Azure SQL Database v12 AD authentication, some users not able to login

0
votes

Hi I have configured Azure active directory authentication on Azure SQL Server. After that I have added contained DB users on a SQL Database by using the following queries

Created user

CREATE USER [[email protected]] FROM EXTERNAL PROVIDER;

Assigned following permissions

EXEC sp_addrolemember 'db_datareader', '[email protected]';
GO
EXEC sp_addrolemember 'db_datawriter', '[email protected]';
GO
GRANT EXECUTE ON SCHEMA :: dbo TO [[email protected]];
GO
GRANT ALTER ON SCHEMA :: dbo TO [[email protected]]; 

GRANT CREATE TABLE  TO [[email protected]];
GRANT SELECT,DELETE,UPDATE,INSERT TO [[email protected]];
GRANT VIEW ANY COLUMN MASTER KEY DEFINITION to [[email protected]];
GRANT VIEW ANY COLUMN ENCRYPTION KEY DEFINITION to [[email protected]];

Some users are able to login and access the DB but some users getting error message saying login failed for the user. Do I need to provide more permissions?

1
azure-active-directoryazure-sql-databaseazure-sql-server
What is the user type which can't access the database ? Do you grant same permissions to all that users ? - Nan Yu
Yes, all users granted same permissions and User type is Member. Who are able to access they also have User type as Member. - narendramacha

1 Answers

0
votes

By default, connections to Azure SQL that do not specify a specific database will attempt to log into the master database. Because AAD uses group based membership, if a user is part of a group that can access the master database, they will be able to login. Users that get denied login are typically denied because they have not been granted rights to master and no specific database was specified in the connection string.

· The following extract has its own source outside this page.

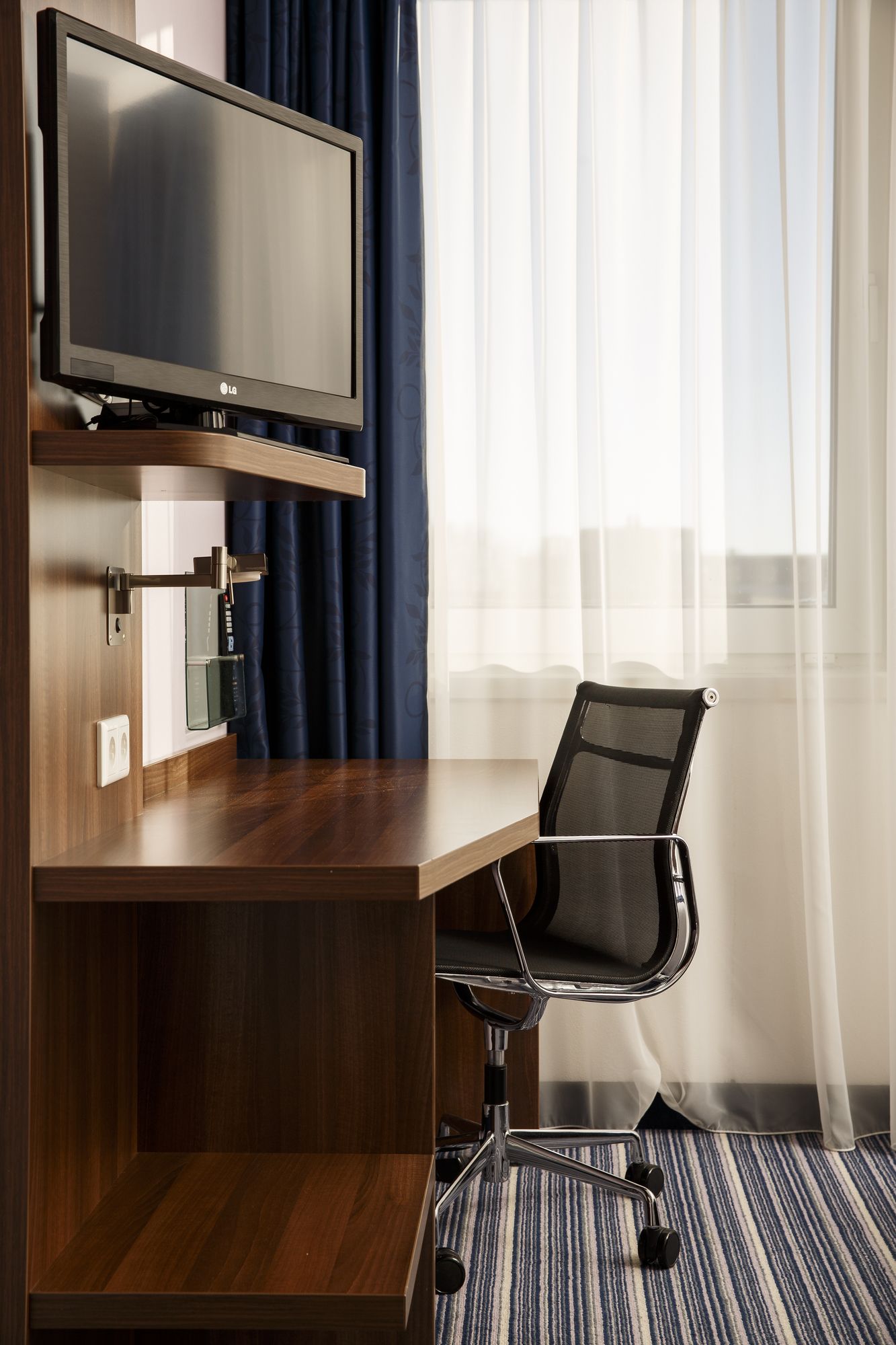 Фото Holiday Inn Express Rotterdam - Central Station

To connect through SSMS: On the "Connect to Database Engine" dialog select the "Options" button, the "Connection Properties" tab and specify the database name in the "Connect to database:" dropdown. You'll need to know it b/c the user does may not have access to master to read the list of databases on the virtual database server.

You can get a connection string for your tech stack from the Azure Portal under the "Overview" for the database.